▶ [WHAT IS BEING ASKED]
Find the line below with "krom, IP54 SCHÖNER" and the line with "Men's Majestic Cleveland". Output them and the lines between, exactly, but not the pictures.

Records excerpted from a collection
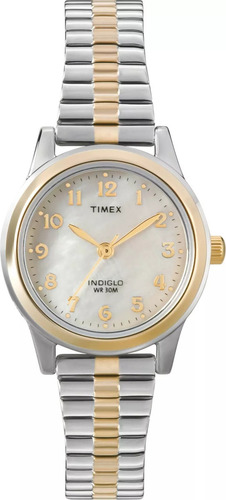 Reloj Timex T2m828 Mujer Plateado - Dorado Correa Expandible Fondo Blanco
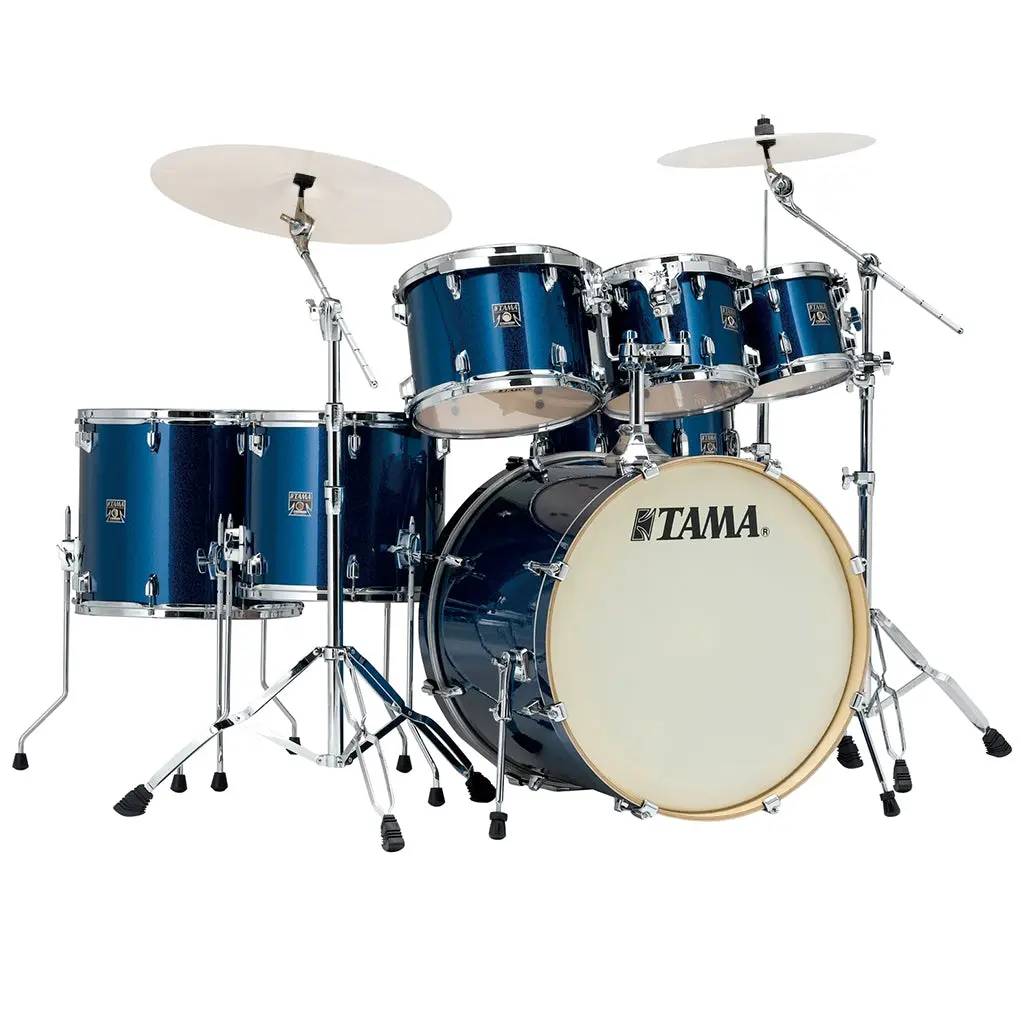 Tama Superstar Classic 7-Piece Shell Pack With 22" Bass Drum And Sm5w Hardware Pack Included - Indigo Sparkle 1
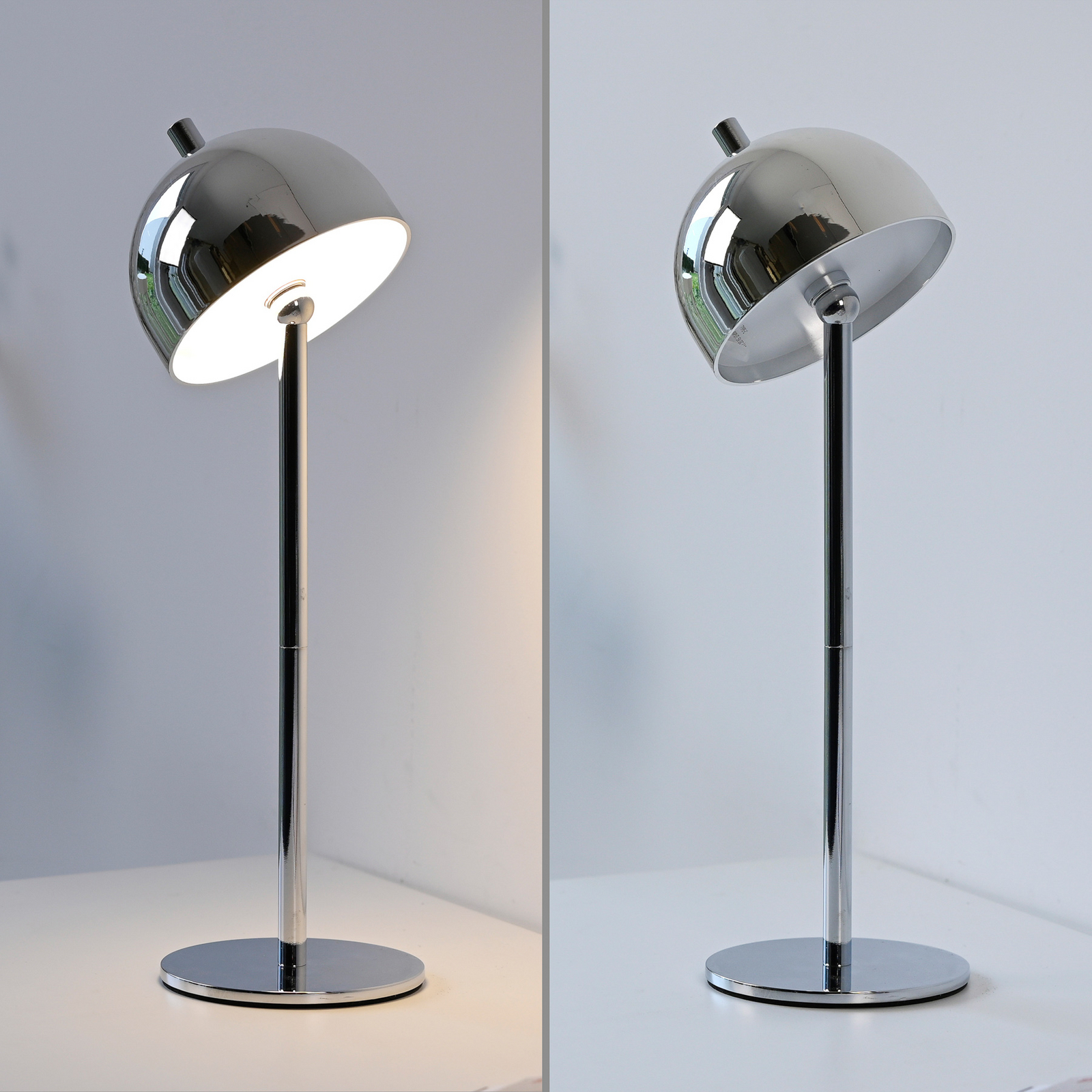 SCHÖNER WOHNEN LED stolna lampa na baterije Belies, krom, IP54 SCHÖNER WOHNEN LED stolna lampa na baterije Belies, krom, IP54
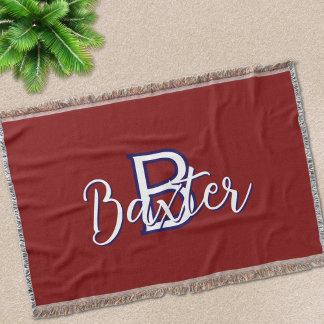 Red White & Blue Name and Monogram Personalised Throw Blanket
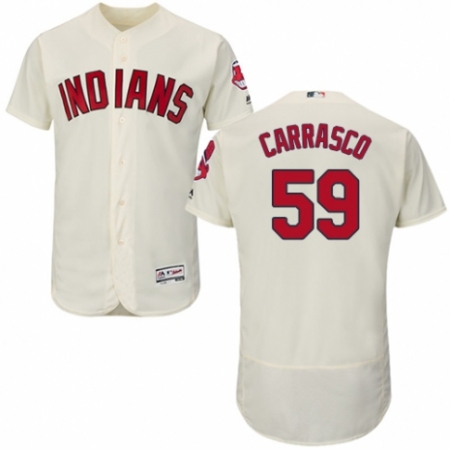Men's Majestic Cleveland Guardians #59 Carlos Carrasco Cream Alternate Flex Base Authentic Collection MLB Jersey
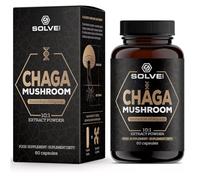 SOLVE Labs® ● Premium Siberian Chaga Mushrooom Capsules ● 10% Beta-D-Glucans ● 10:1 Concentrate ● No Fillers & Additives ● 60 Capsules ● 1 Month Supply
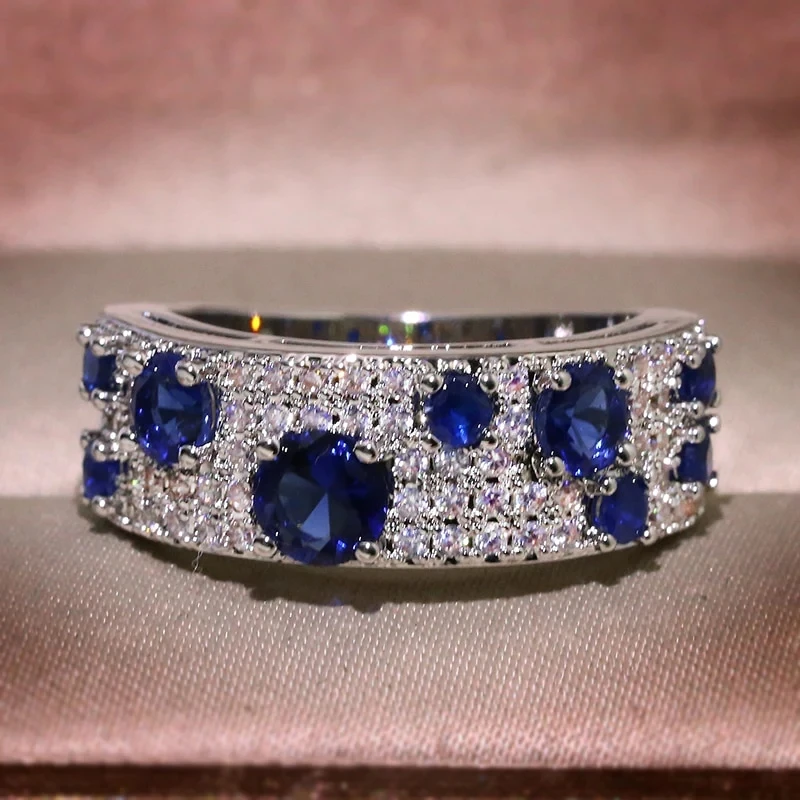 Huitan Silber Farbe Blau/Weiß CZ Frauen Ringe Neu Gestaltete Luxus Mode Braut Hochzeit Bands Zubehör Funkelnden Schmuck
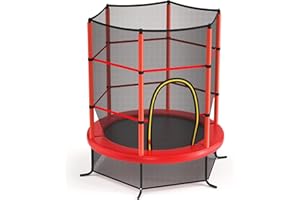 GOPLUS Trampolín Infantil Ø165 cm con Red de Protección, Cama Elástica para Niños Exterior Interior Antideslizante, Trampolin para Jardín Capacidad de Carga 135 kg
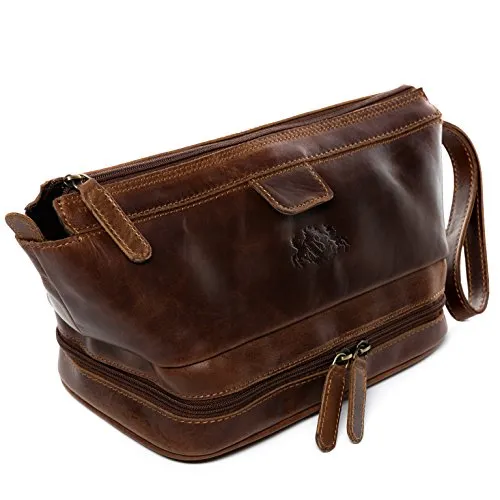 SID & VAIN Kulturbeutel NOTTINGHAM - Echt Leder Kosmetiktasche groß braun - Hochwertiger Kulturbeutel aus echtem Leder, ideal für Reisen und Freizeit. Handgefertigt mit viel Liebe zum Detail, bietet er ausreichend Platz für alles Wichtige und wird zum stilvollen Begleiter.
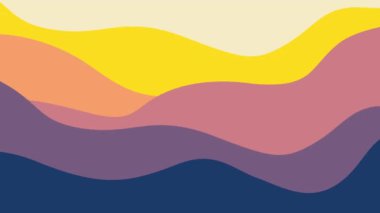 Soyut dalga çizgisi kavramsal arka plan, minimal retro şekiller renkli çizgiler. Modern pürüzsüz renkler duvar kağıdı.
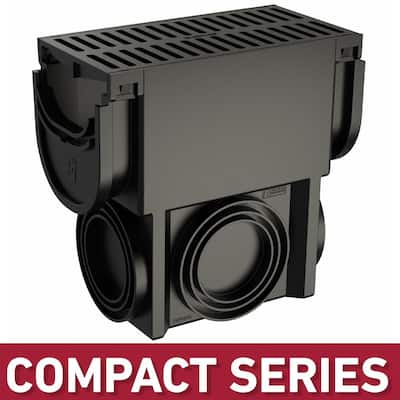 Compact Series Black Slim Drainage Pit and Catch Basin for 3.2 in. Modular Trench and Channel Drain Systems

▶ [EXERCISE OUTPUT]
 SCHÖNER WOHNEN LED stolna lampa na baterije Belies, krom, IP54 SCHÖNER WOHNEN LED stolna lampa na baterije Belies, krom, IP54
 Red White & Blue Name and Monogram Personalised Throw Blanket
Men's Majestic Cleveland Guardians #59 Carlos Carrasco Cream Alternate Flex Base Authentic Collection MLB Jersey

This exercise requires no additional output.